● **Entries provided**
+-------+

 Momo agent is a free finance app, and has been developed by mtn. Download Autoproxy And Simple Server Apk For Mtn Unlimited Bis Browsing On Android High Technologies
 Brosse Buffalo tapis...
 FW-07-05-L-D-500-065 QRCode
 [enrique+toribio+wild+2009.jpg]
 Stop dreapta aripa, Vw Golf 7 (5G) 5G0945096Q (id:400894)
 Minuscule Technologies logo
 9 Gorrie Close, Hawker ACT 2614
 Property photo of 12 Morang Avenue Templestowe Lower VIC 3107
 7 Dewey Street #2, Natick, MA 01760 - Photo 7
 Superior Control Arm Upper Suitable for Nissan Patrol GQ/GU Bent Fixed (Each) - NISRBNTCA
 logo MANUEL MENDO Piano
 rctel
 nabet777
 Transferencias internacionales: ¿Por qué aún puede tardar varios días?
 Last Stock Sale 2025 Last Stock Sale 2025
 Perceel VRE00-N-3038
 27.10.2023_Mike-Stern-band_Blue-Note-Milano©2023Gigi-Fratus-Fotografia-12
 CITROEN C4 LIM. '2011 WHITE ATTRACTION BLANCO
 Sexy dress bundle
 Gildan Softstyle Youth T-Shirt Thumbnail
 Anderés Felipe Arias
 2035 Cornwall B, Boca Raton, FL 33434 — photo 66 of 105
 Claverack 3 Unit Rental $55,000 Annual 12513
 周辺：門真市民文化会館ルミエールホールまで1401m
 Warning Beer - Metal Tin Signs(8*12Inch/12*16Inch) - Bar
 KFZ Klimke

+-------+

● **Task**
Please find every line in the listing that holds the string "Technologies" and copy it.

● **Task solution**
 Momo agent is a free finance app, and has been developed by mtn. Download Autoproxy And Simple Server Apk For Mtn Unlimited Bis Browsing On Android High Technologies
 Minuscule Technologies logo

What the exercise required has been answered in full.